▸ **What you need to do**: The pictures do not go in the copy. Reproduce the rest of the entries exactly.

▸ **Records shown**:
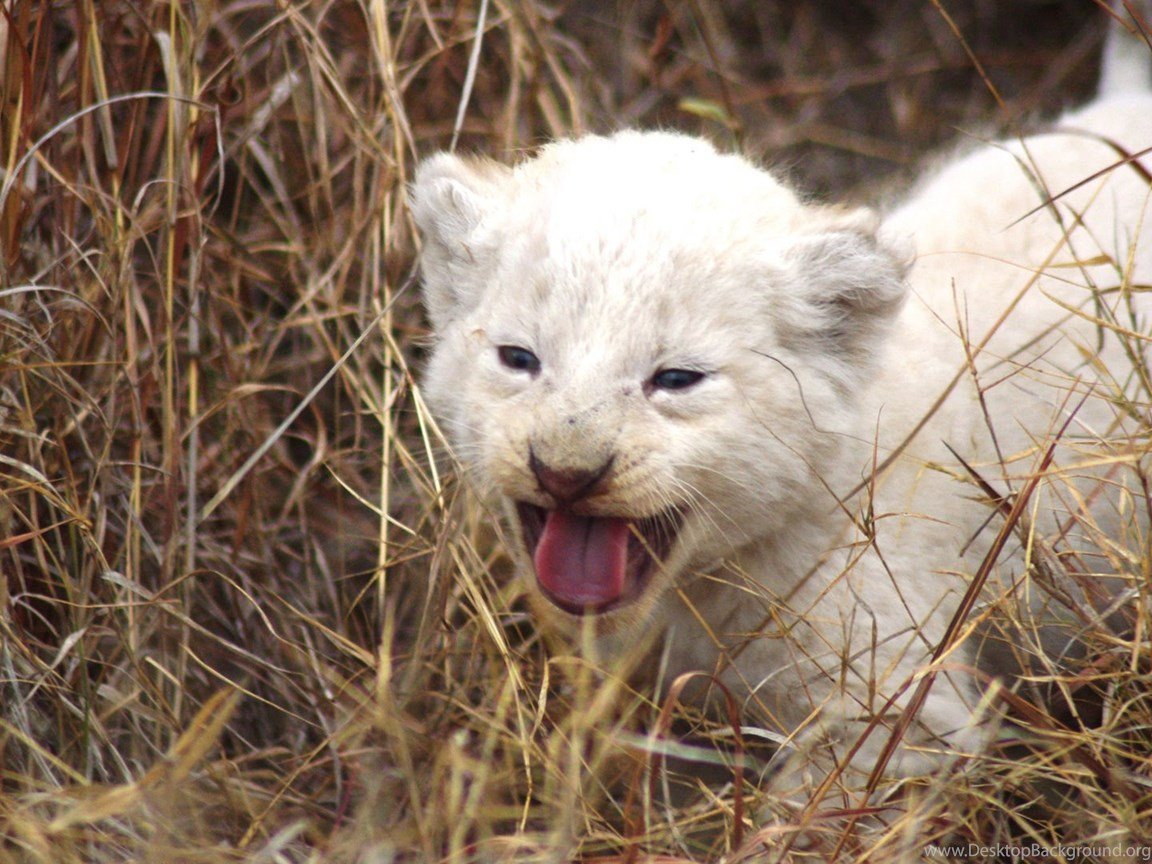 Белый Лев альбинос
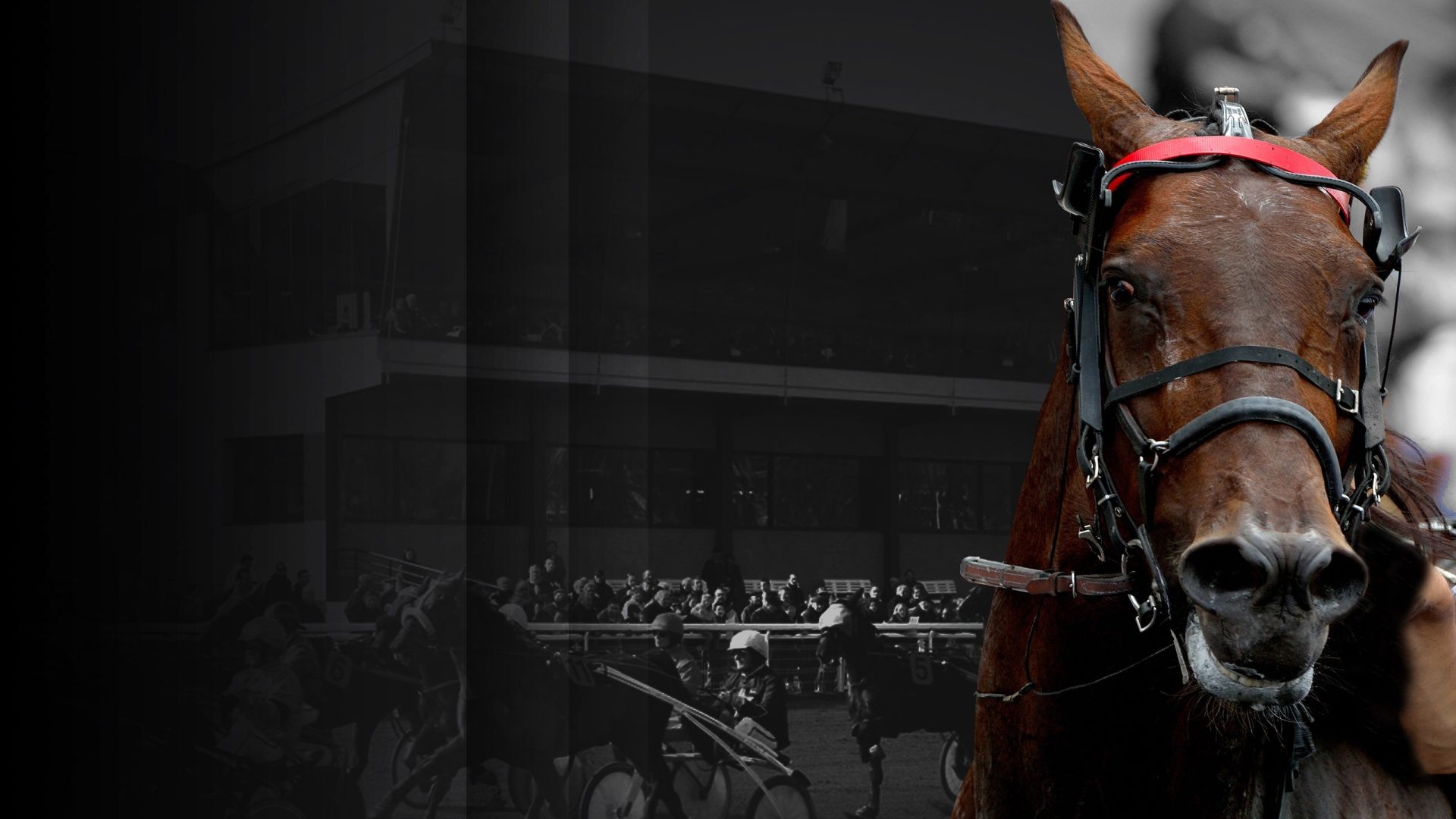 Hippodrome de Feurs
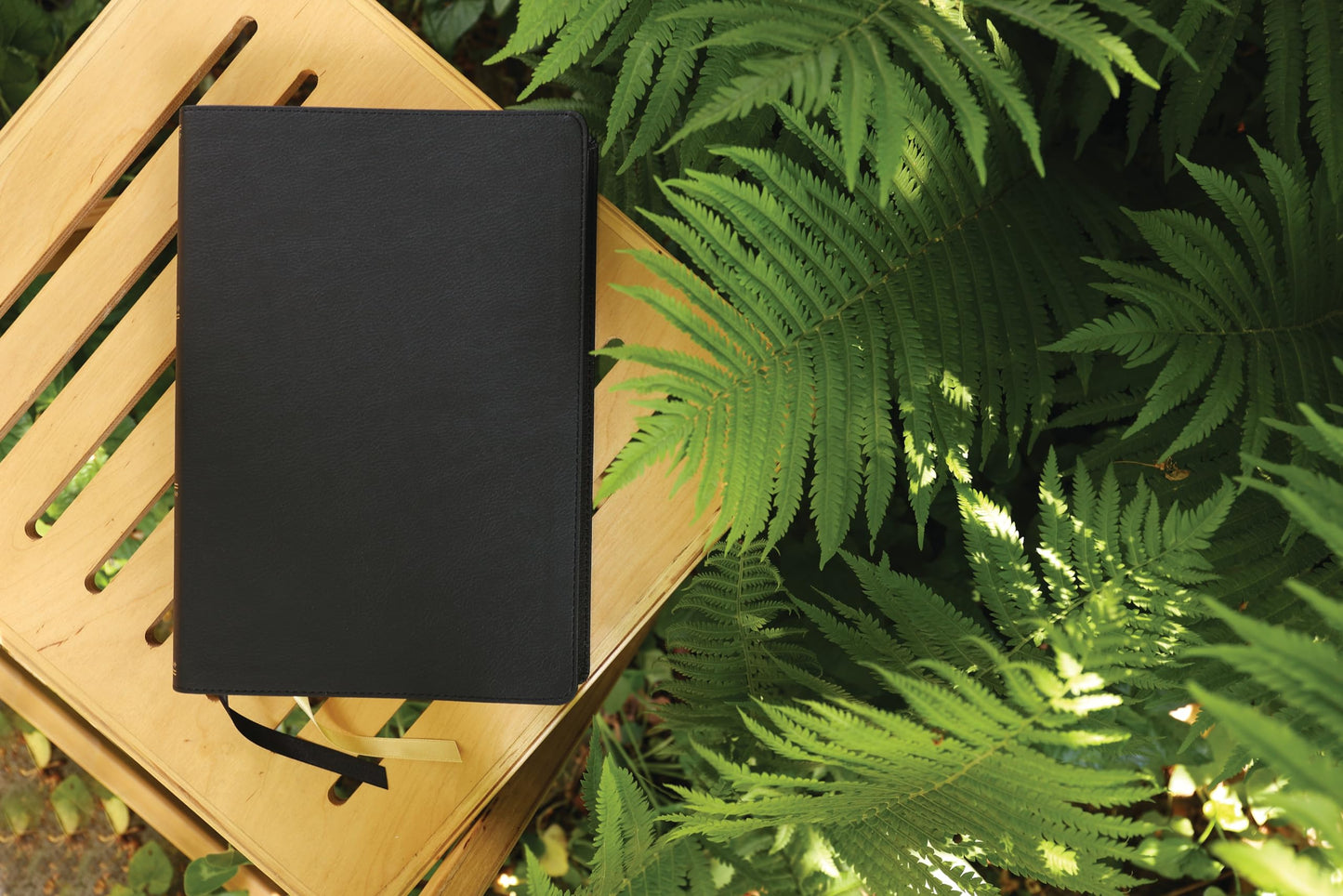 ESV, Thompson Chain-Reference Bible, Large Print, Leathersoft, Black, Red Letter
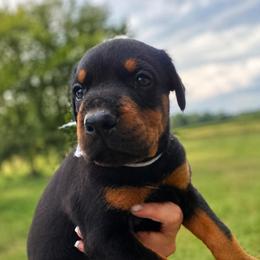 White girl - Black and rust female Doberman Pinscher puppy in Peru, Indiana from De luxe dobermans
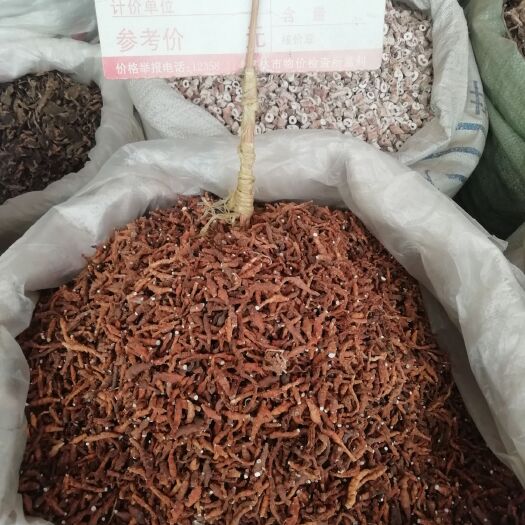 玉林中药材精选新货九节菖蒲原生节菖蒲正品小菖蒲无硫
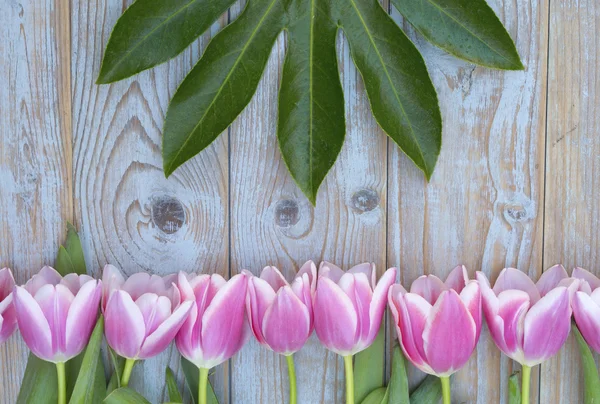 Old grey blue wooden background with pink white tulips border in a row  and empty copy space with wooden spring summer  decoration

▸ **Answer section**:
 Белый Лев альбинос
 Hippodrome de Feurs
 ESV, Thompson Chain-Reference Bible, Large Print, Leathersoft, Black, Red Letter
 White girl - Black and rust female Doberman Pinscher puppy in Peru, Indiana from De luxe dobermans
 玉林中药材精选新货九节菖蒲原生节菖蒲正品小菖蒲无硫
 Old grey blue wooden background with pink white tulips border in a row  and empty copy space with wooden spring summer  decoration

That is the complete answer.